Curieusement, en effet, malgré le succès phénoménal remporté à Londres en 1723, qui entraîna de nombreuses reprises (dont celle de 1734 qui permit à Farinelli de chanter pour la seule fois de sa vie dans un opéra de Haendel), Ottone reste à notre époque une rareté. Est-ce parce que le compositeur y semble surtout inspiré dans le style élégiaque ? Certes, « Falsa immagine », que la Cuzzoni refusa d’abord de chanter, en est un excellent exemple, mais L’œuvre inclut aussi bien des airs rapides et nerveux, sans oublier le duo guilleret Matilda-Gismonda qui conclut le deuxième acte, « Notte cara » et le duetto Teofane-Ottone du troisième, tout aussi allègre. Il s’est écoulé près d’un quart de siècle depuis la publication quasi simultanée, en 1993, des deux intégrales jusqu’ici disponibles, l’une dirigée par Robert King (Hyperion) avec James Bowman, l’autre par Nicholas McGegan (Harmonia Mundi) avec Drew Minter.
La présente version bénéficie d’un premier grand atout avec la direction énergique et acérée de George Petrou, qu’on a déjà eu l’occasion d’admirer dans de présents enregistrements et qui sait parfaitement transcender la froideur des studios.
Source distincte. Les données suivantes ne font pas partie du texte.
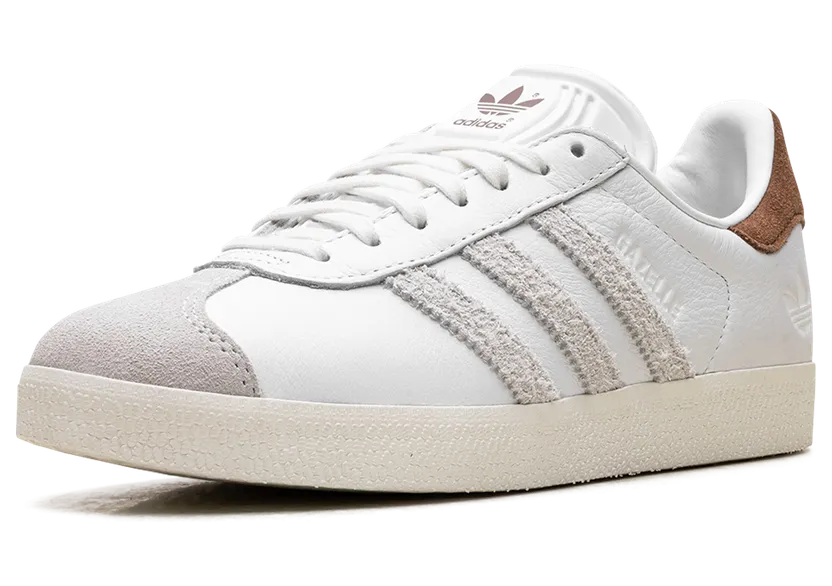 adidas-gazelle IF4600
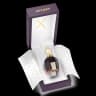 Alexandria II Parfum - 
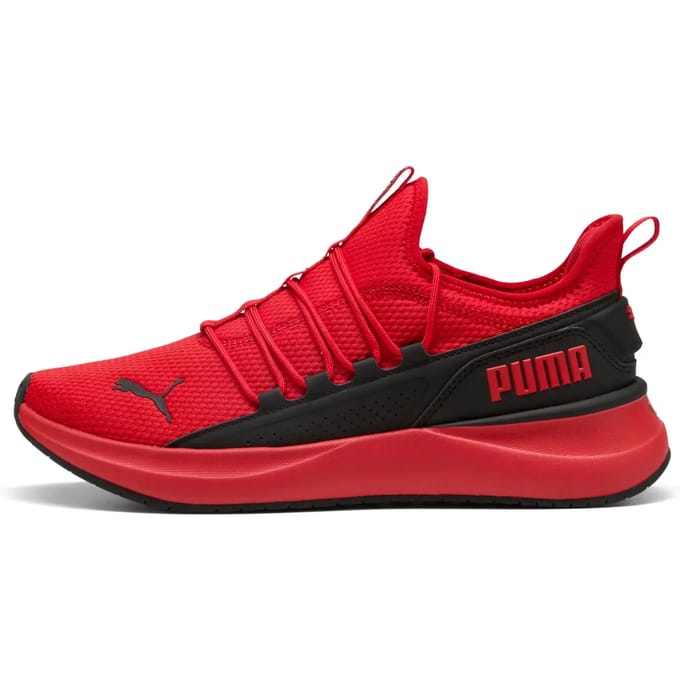 Hardloopschoenen Puma Softride Carson Fresh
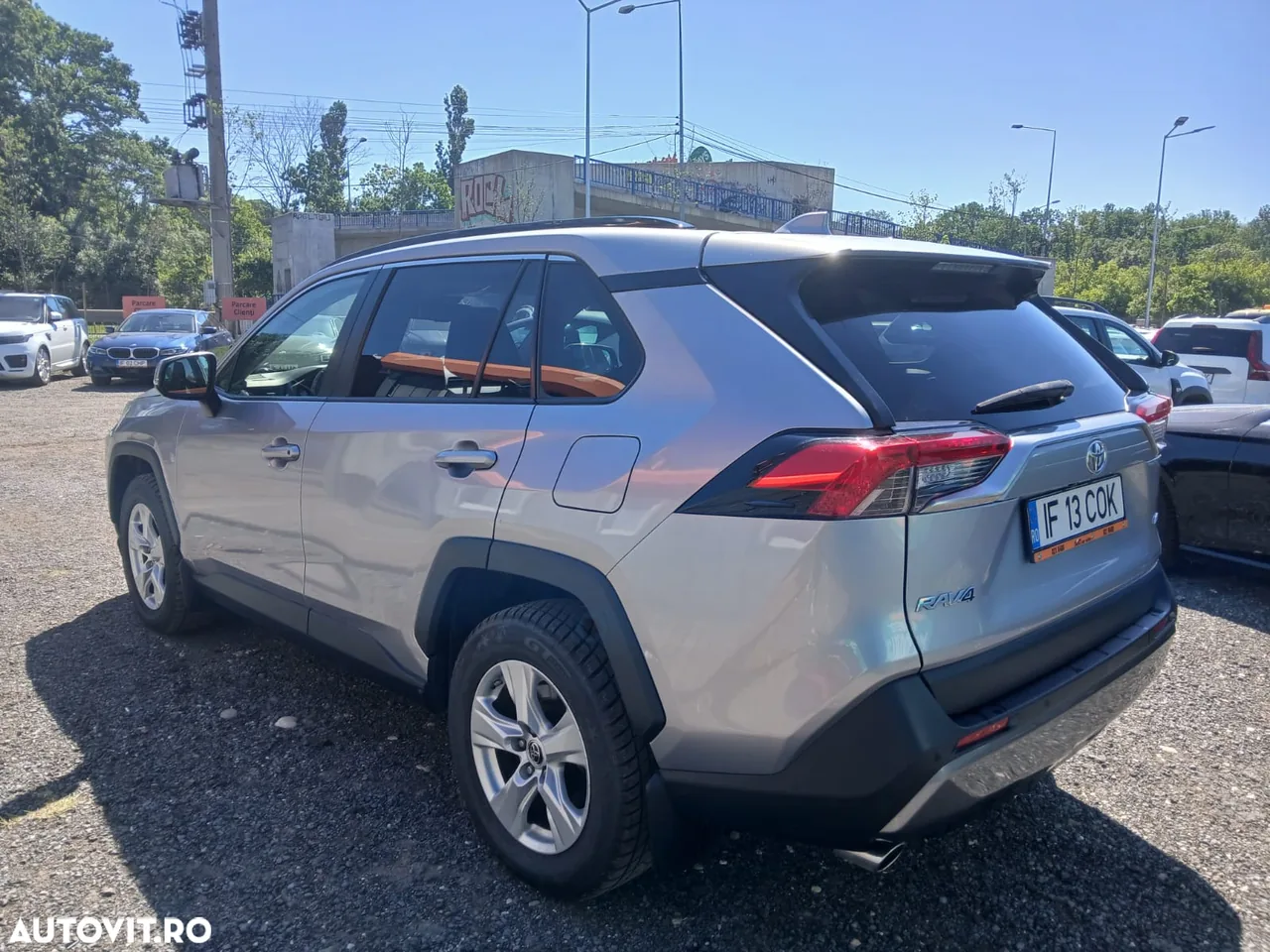 Foto 4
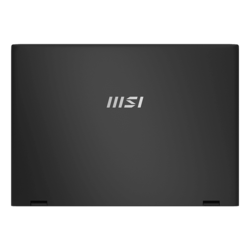 MSI Prestige 16 AI Evo B1MG Business & Productivity Laptop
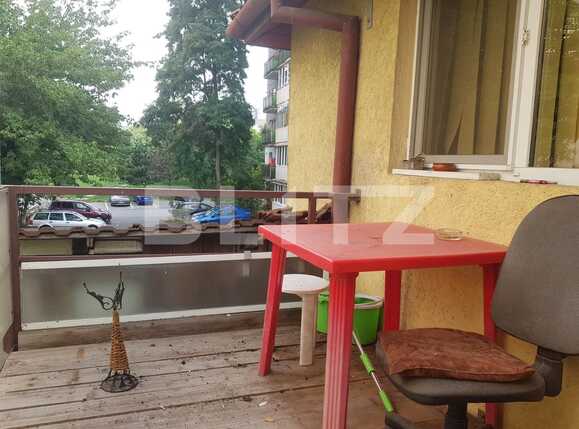 Casa de vânzare 6 camere Grigorescu - 70892CV | BLITZ Cluj-Napoca | Poza8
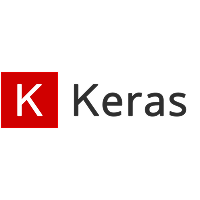 Keras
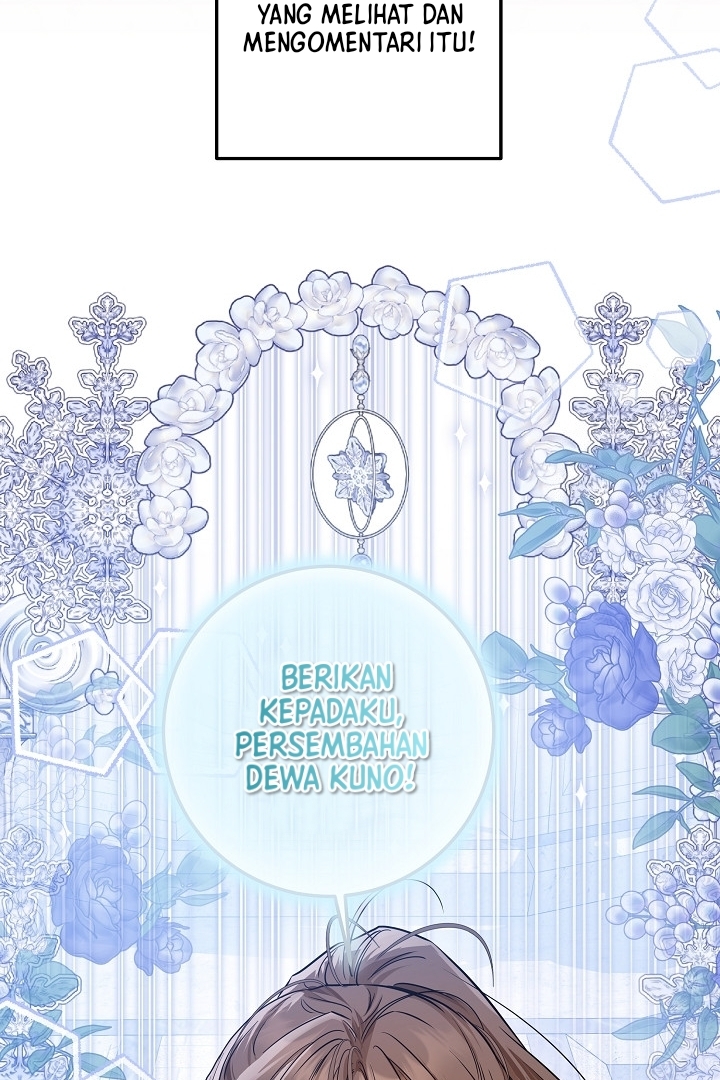 Chapter 30 - halaman 105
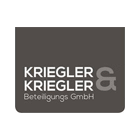 Kriegler & Kriegler Beteiligungs GmbH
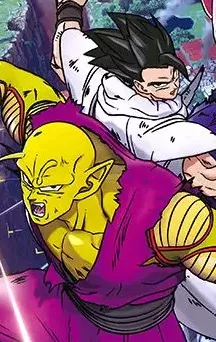actualité manga - news illustration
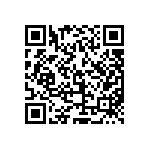 D38999-20MD18JB-LC QRCode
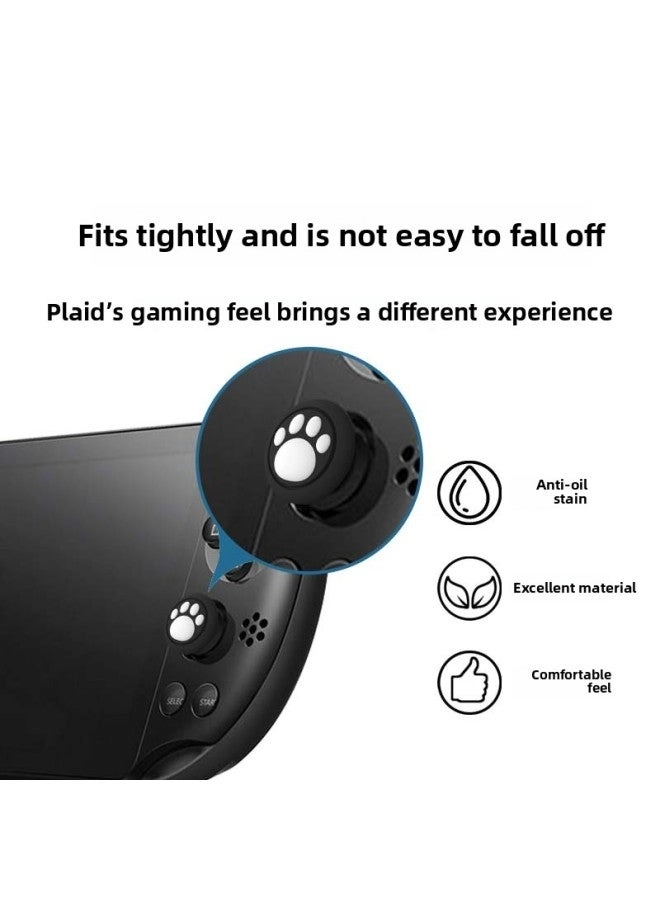 PSV Handheld Special Rocker Cap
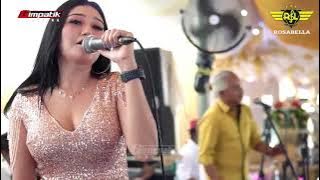 OM ROSABELA _ Live Di Mojokerto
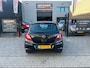 Opel Corsa 1.4-16V Enjoy 2e Eigenaar! Airco NAP APK 1 Jaar
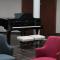 LEPI HOTEL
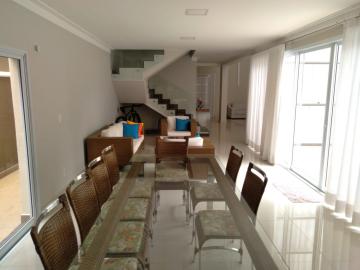 Comprar Casa condomínio / Padrão em Ribeirão Preto R$ 1.950.000,00 - Foto 1
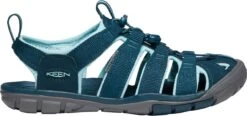 Keen Clearwater CNX Sandals - Women's 17 Keen Clearwater CNX Sandals - Women's -Shoes Discount Store image 1215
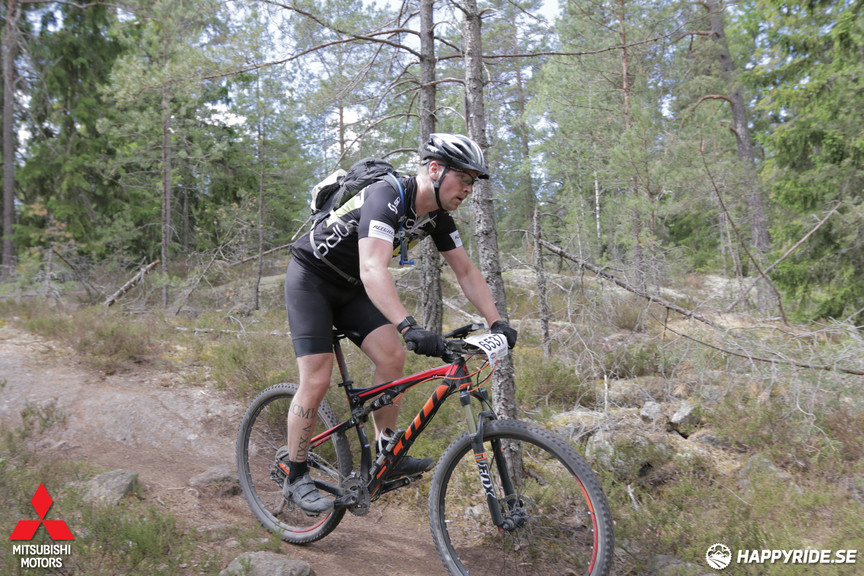 Bild från Lida Loop 2016 3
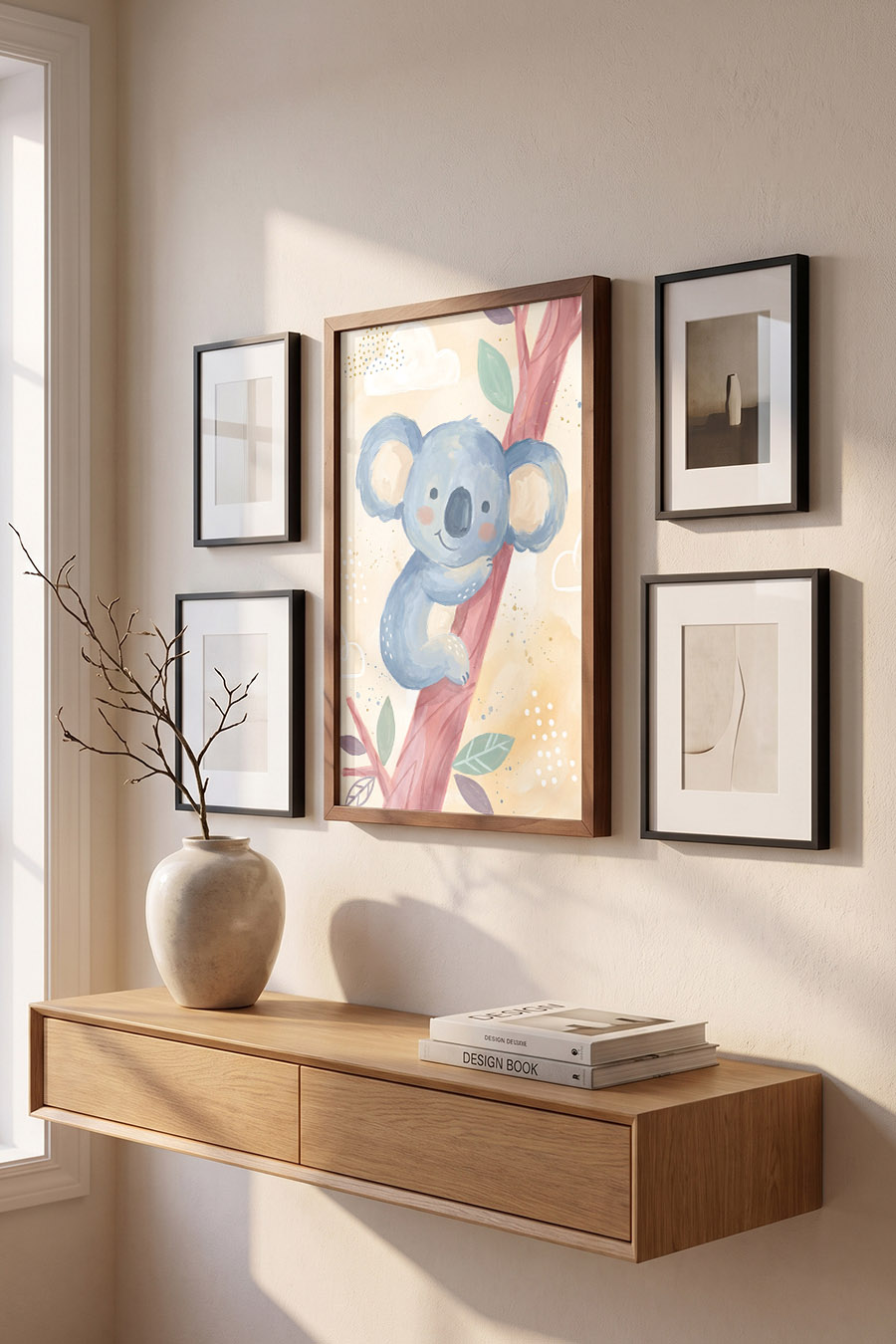 poster-wall-art-me-korniza-katheta-db-010027-4.jpg
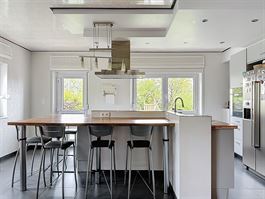 Maison à 6791 ATHUS (Belgique) - Prix 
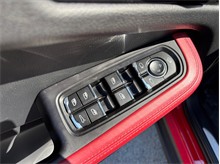 Vehicle Thumb #22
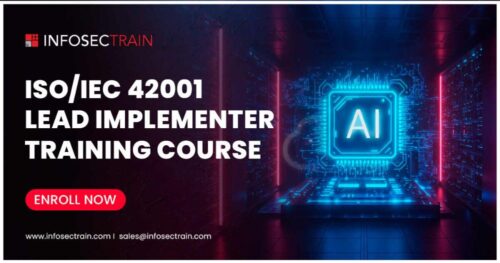ISOIEC 42001 Lead Implementer Training Course-1200-630 ISOIEC 42001 Lead Implementer Training Course-1200-630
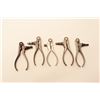 Image 1 : IDEAL LOADING TOOLS LOT
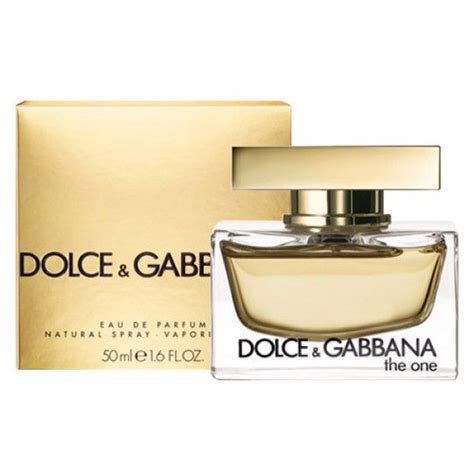 profumino.it dolce gabbana donna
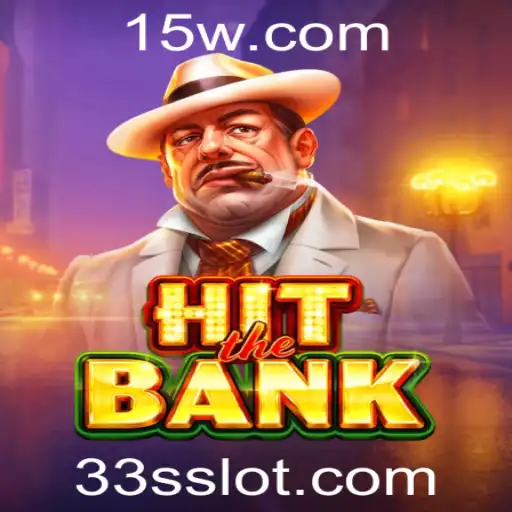 HitTheBank: A Nova Sensação no Mundo dos Jogos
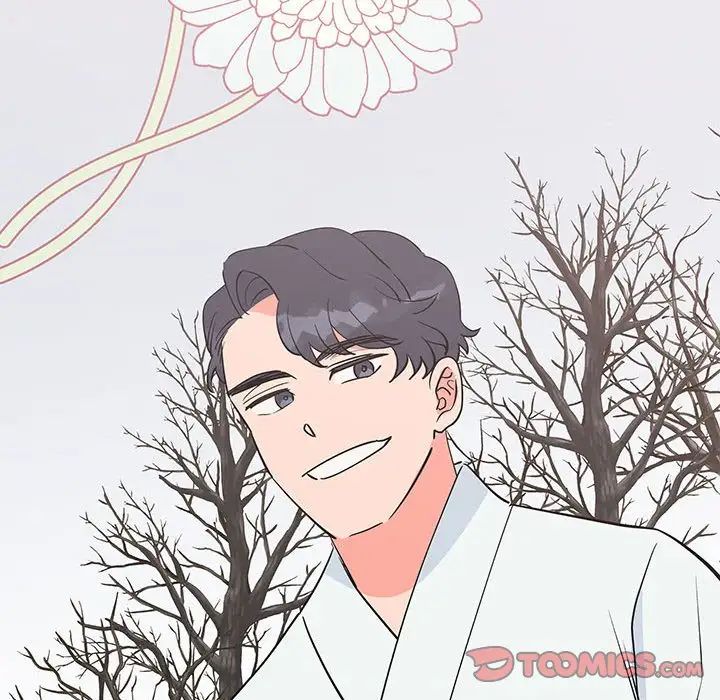 第14话  图 117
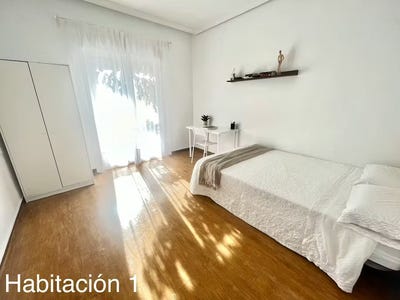 /international/es/calle-huelva-santiponce-andalusia-310093881437/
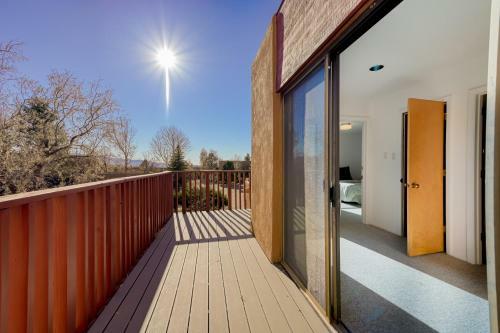 Quail Ridge Treasure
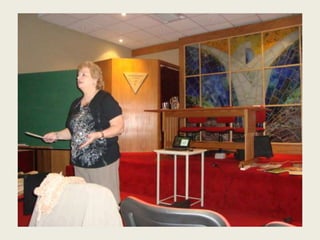 Unveiling the art behind picture book illustration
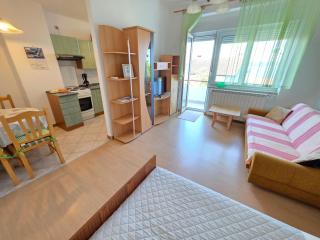 SANDRA KAT Apartment near sea and beach - 5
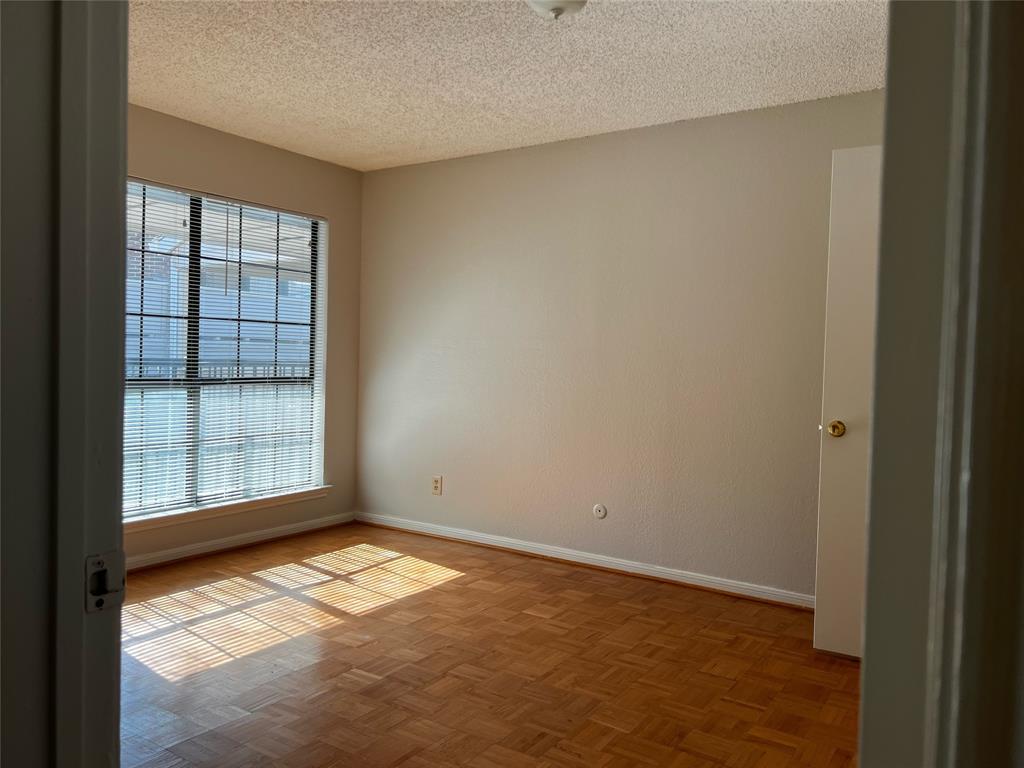 8545 Midpark Road, Unit 48 Dallas, TX 75240 - Photo 17 of 20 Gallery Image 17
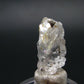 Phenakite Phenacite Crystal from Nigeria 1.82 Grams - 0.7"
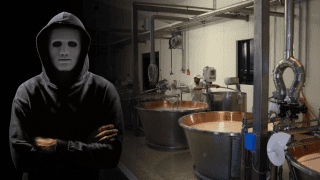 produkcja żywności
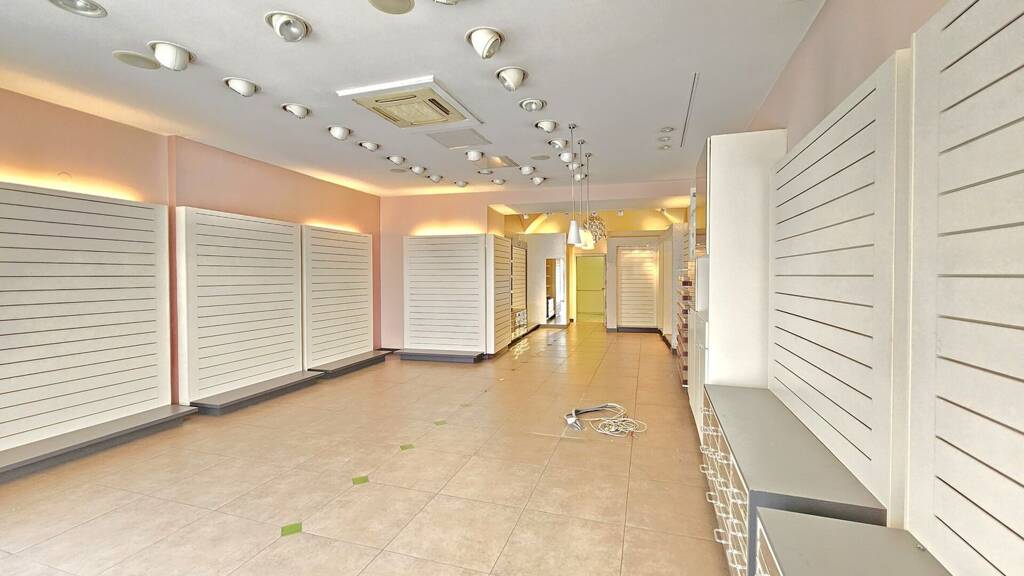 Büro zur Miete 1.600 € Hauptplatz 3 Spittal an der Drau 9800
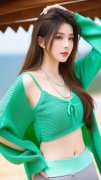 2018年天然资本部成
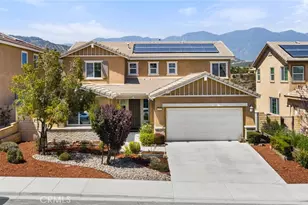 4109 Chamomile Ct, San Bernardino, CA 92407 - Photo 1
Il Pomo d’oro est également une des clefs de la réussite de cet enregistrement, par la précision et l’expressivité de ses instrumentistes.
Bien sûr, c’est sur les solistes vocaux que se concentre l’attention, avec une équipe où l’on retrouve un certain nombre d’artistes familiers des intégrales haendéliennes sorties chez Decca. Reprenant le rôle-titre créé à Senesino, Max Emanuel Cencic trouve un personnage de victime qui lui va comme un gant. Toujours à son affaire dans la douceur et dans la plainte, il incarne un Othon dont les émotions touchent immédiatement l’auditeur, mais les trois airs composés par Haendel pour la reprise de 1726, ajoutés en bonus, montrent que la virtuosité ne lui fait pas peur. Xavier Sabata est, lui, le bad boy de l’histoire, le traître détestable, mais bénéficie également d’une belle palette d’airs. Trouver aujourd’hui une bonne basse haendélienne s’avère souvent problématique, mais Pavel Kudinov, déjà présent dans Arminio à Karlsruhe, possède les graves caverneux que l’on attend, tout en sachant vocaliser.
Du côté des dames, trois voix bien distinctes et bien caractérisées s’affrontent. Comme Ottone, Teofane s’exprime surtout dans la lamentation, mais pas seulement. Lauren Snouffer, dont le timbre, les aigus un peu verts et le vibratello pourront ne pas plaire à tout le monde, est sans doute infiniment préférable aux voix inexpressives et standardisées que l’on entend parfois dans ce répertoire. On se réjouit de voir Ann Hallenberg rejoindre « l’écurie » Cencic pour cette intégrale. Reine cruelle et ambitieuse, mère qui préfère voir son fils mourir que d’implorer la pitié de l’ennemi, Gismonda, nouvelle Agrippina, semble faite sur mesure pour la mezzo suédoise. Elle confère toute sa complexité à ce personnage délicieusement perfide, capable de s’exprimer aussi bien dans la perfidie que dans le registre de la douceur. Intéressante découverte avec Anna Starushkevych, voix sombre et diction mordante.
On n’attend plus maintenant qu’une bonne reprise scénique pour qu’Ottone décolle et reprenne son vol.